***** DATA EXTRACTS *****

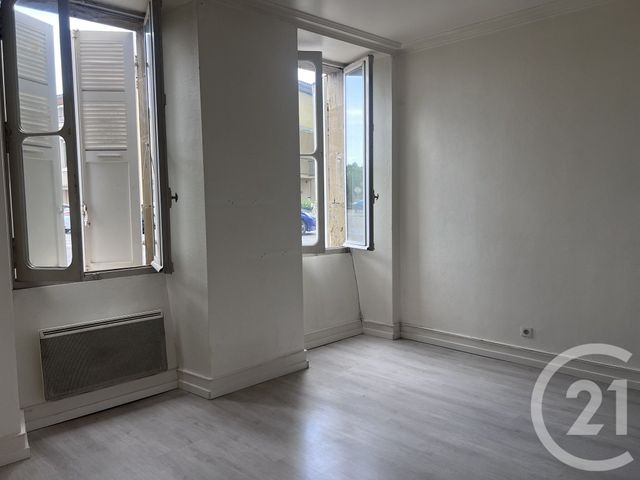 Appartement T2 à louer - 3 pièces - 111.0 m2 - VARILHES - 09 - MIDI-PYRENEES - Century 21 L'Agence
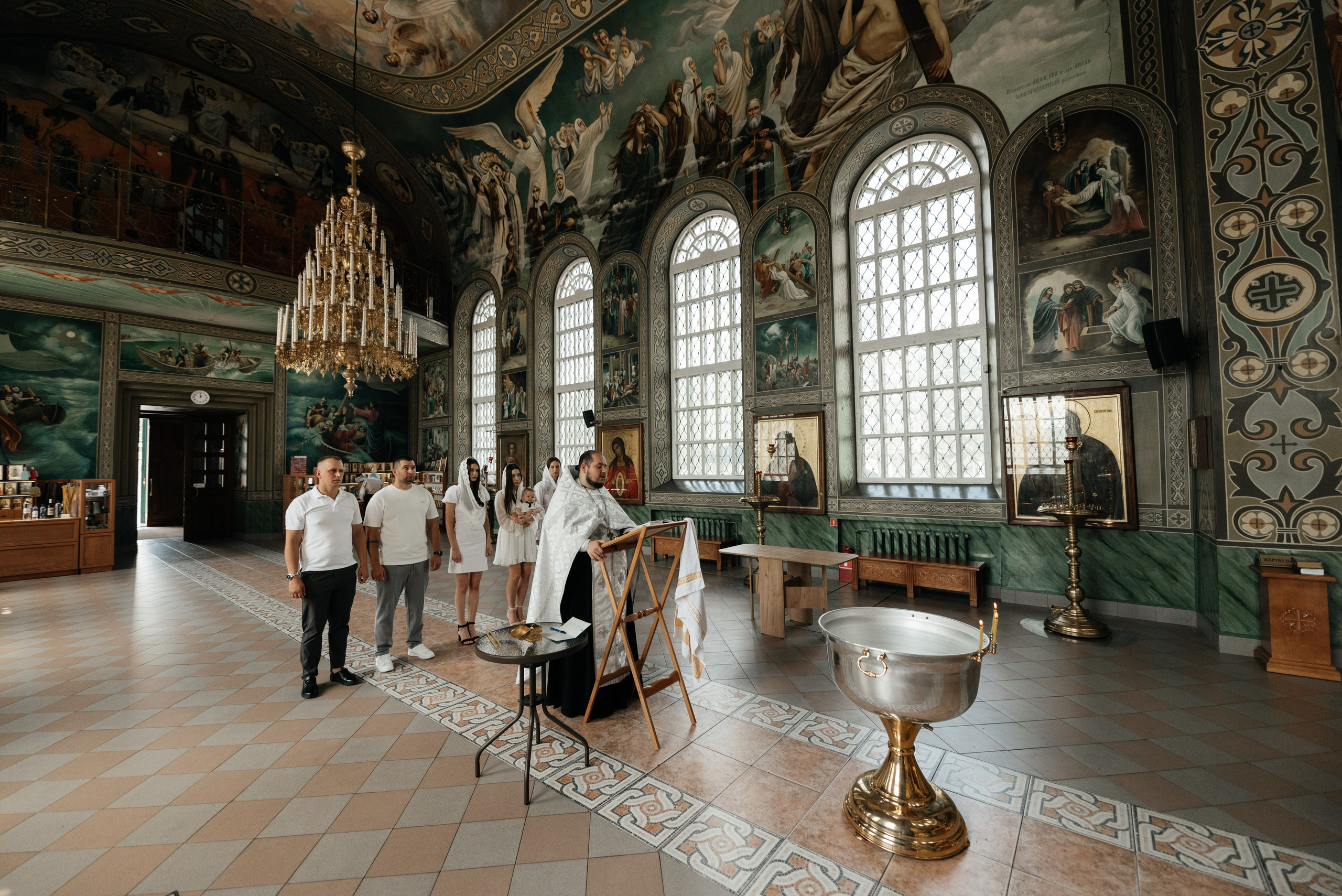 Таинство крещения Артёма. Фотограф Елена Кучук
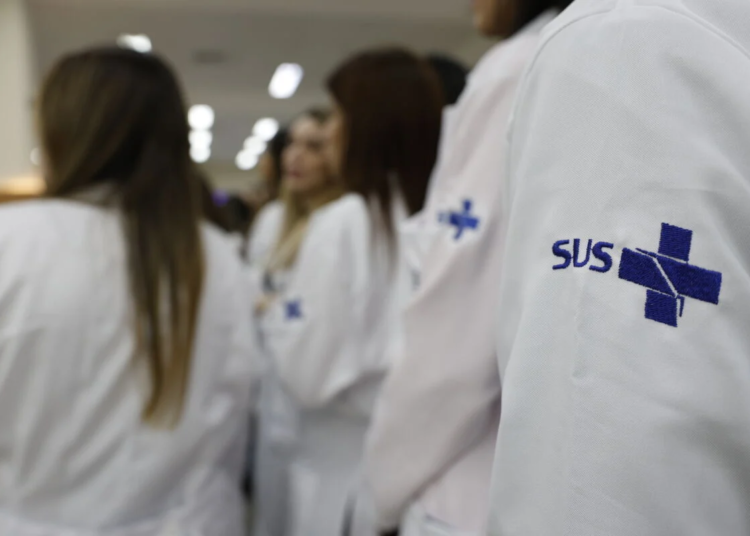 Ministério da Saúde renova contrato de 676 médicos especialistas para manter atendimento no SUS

*****
***** DATA EXTRACTS *****

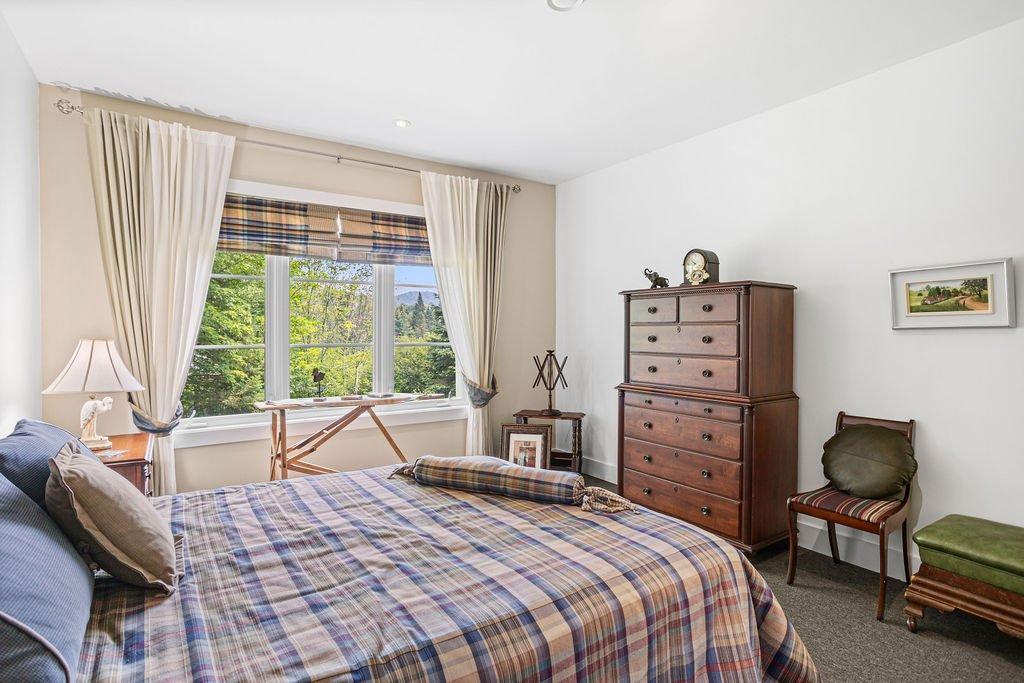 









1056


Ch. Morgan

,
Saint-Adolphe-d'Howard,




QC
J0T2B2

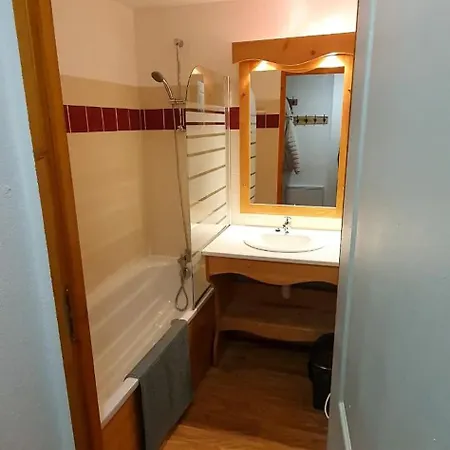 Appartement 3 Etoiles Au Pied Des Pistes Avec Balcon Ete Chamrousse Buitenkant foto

*****
***** DATA EXTRACTS *****

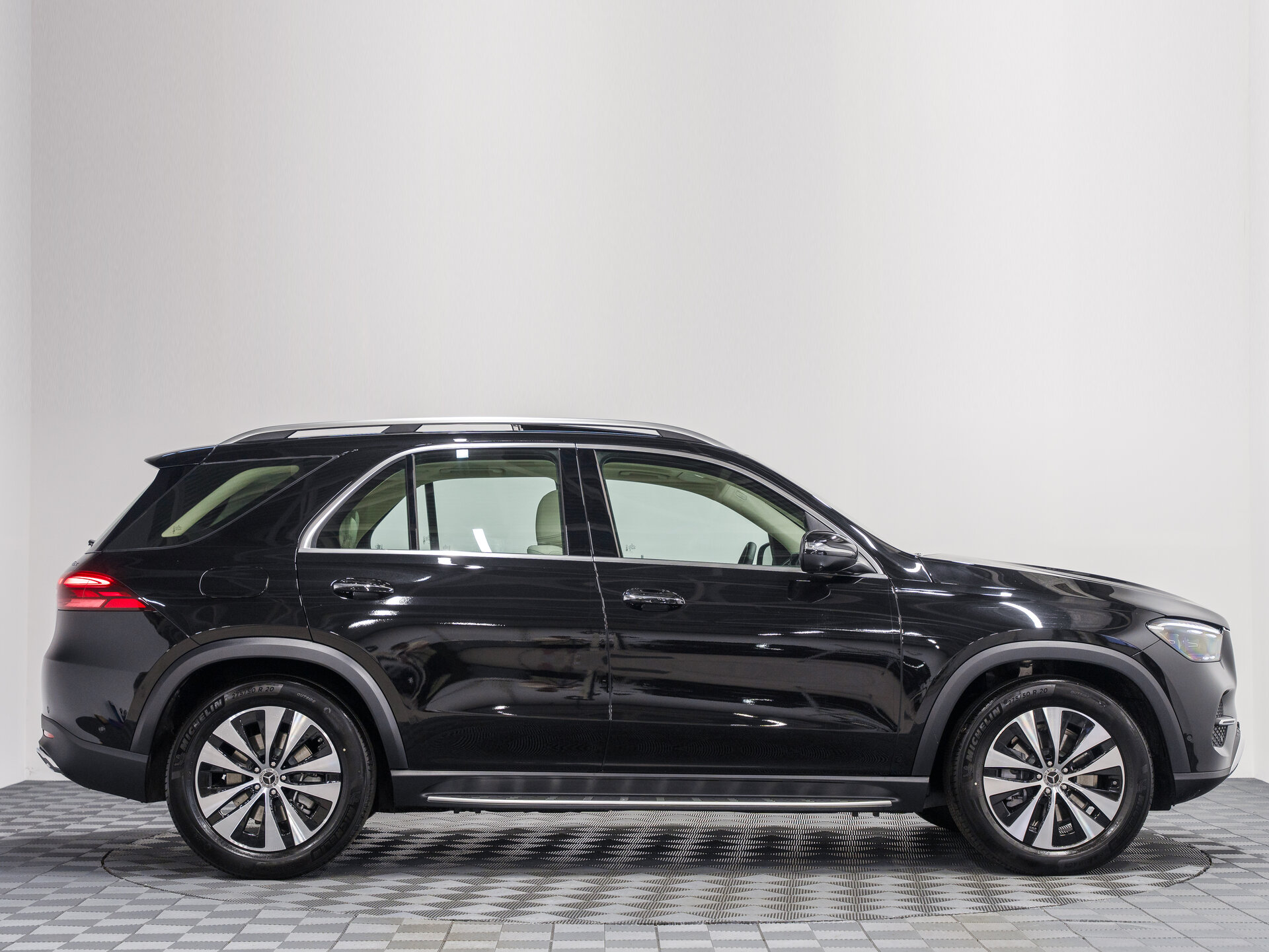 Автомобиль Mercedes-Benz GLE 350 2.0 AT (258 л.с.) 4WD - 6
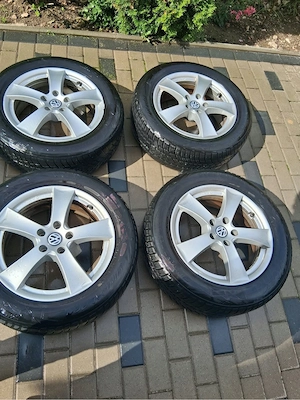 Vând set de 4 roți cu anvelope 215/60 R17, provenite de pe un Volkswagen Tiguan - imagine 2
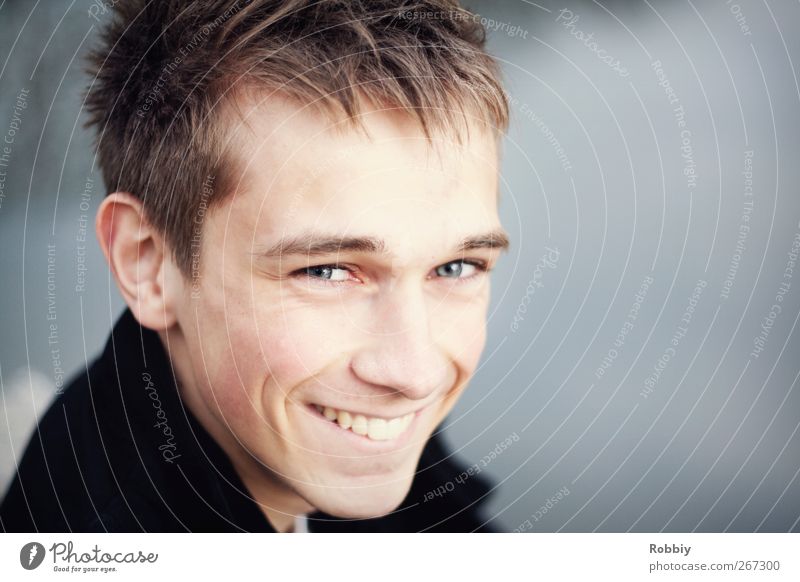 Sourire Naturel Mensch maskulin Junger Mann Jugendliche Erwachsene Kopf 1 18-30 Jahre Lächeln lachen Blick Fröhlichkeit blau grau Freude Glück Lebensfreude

*****

◆ YOUR INSTRUCTIONS:
The answer is the lines of the material above, from the one containing "Vând set de" down to the one containing "Sourire Naturel Mensch", given exactly and without images.

◆ FINISHED TASK:
 Vând set de 4 roți cu anvelope 215/60 R17, provenite de pe un Volkswagen Tiguan - imagine 2
 Sourire Naturel Mensch maskulin Junger Mann Jugendliche Erwachsene Kopf 1 18-30 Jahre Lächeln lachen Blick Fröhlichkeit blau grau Freude Glück Lebensfreude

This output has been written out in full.